Greg Kihn – For You

15th December 2022 · 1970s, 1978, Music

Amid the visceral energy and tuneless thrashing of punk, a label called Beserkley somehow surfed along on the New Wave with a bunch of records that reminded us what a tune was. This was one of the best examples – a jangly version of a song from Springsteen’s debut album by a bloke called Greg Kihn.

It perfectly encapsulates the label’s signature sound of Power Pop, matching the energy of crunchy guitars to sixties-influenced melodic hooks and harmonies.

Like punk, the short sharp tunes were a back-to-basics reaction against the overblown crimes of prog rock, though Kihn became big enough to open regularly at arena shows by huge bands like The Rolling Stones, Grateful Dead and Journey in the eighties.
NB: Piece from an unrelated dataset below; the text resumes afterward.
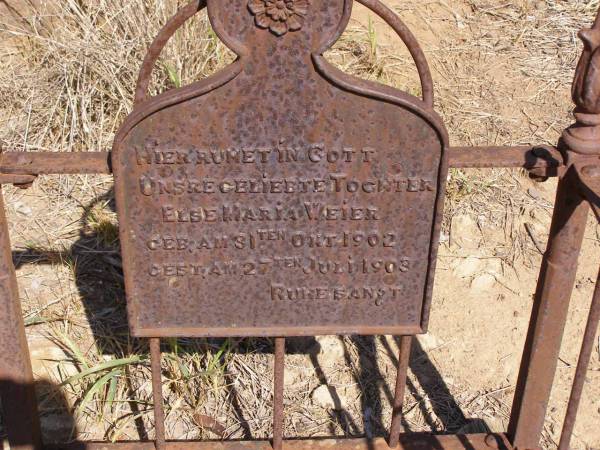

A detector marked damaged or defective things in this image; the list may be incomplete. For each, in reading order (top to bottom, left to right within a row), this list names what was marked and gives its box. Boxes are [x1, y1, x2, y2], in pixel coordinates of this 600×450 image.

pitted rusted texture [112, 0, 448, 338]
rusty metal grave marker [111, 0, 450, 338]
corroded metal surface [113, 0, 450, 338]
When he first appeared in 1975 on the label’s introductory compilation Beserkley Chartbusters Volume 1 – the album that introduced us to Jonathan Richman’s Roadrunner – Kihn was an unknown newcomer who had recently moved to the San Francisco area from his east coast hometown in Baltimore and was working as a house painter.

This was one of the first singles the label put out and like all the others it was produced by label owner and founder Matthew ‘King’ Kaufman, whose own band Earth Quake put out the very first, a cover of The Easybeats’ Friday On My Mind.

At the time I don’t think I’d heard Bruce Springsteen‘s version from his 1972 debut, Greetings From Asbury Park, N.J., so I probably assumed For You was a new song. Kihn’s version shortens the Boss’s powerfully poignant (but lengthy) lyric about an English girlfriend who had attempted suicide and plays down its melancholia.

Greg Kihn stayed with Beserkley until the label collapsed in the mid-eighties.

By far their most successful artist, The Greg Kihn Band had a couple of big US hit singles with The Breakup Song (They Don’t Write ‘Em) and Jeopardy, which reached No.2 in 1983. He has since become a successful author of horror novels.